From the first line of the records down to the one that holds "homlokzat-felujitas-36210D0BF-14AB-C181-0D23-43785374E1FA.jpg", transcribe each line exactly and add nothing.
========
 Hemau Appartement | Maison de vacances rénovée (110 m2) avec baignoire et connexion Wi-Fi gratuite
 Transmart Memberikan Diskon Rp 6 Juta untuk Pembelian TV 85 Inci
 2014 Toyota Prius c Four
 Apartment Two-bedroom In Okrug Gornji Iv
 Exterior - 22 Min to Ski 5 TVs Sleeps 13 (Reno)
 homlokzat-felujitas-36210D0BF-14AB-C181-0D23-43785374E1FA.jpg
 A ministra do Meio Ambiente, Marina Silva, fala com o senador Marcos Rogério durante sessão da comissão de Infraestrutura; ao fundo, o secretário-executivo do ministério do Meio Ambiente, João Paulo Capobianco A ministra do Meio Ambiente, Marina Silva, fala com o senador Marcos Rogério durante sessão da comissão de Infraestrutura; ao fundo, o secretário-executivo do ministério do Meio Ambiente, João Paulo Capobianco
========
**Completed exercise**.
 Hemau Appartement | Maison de vacances rénovée (110 m2) avec baignoire et connexion Wi-Fi gratuite
 Transmart Memberikan Diskon Rp 6 Juta untuk Pembelian TV 85 Inci
 2014 Toyota Prius c Four
 Apartment Two-bedroom In Okrug Gornji Iv
 Exterior - 22 Min to Ski 5 TVs Sleeps 13 (Reno)
 homlokzat-felujitas-36210D0BF-14AB-C181-0D23-43785374E1FA.jpg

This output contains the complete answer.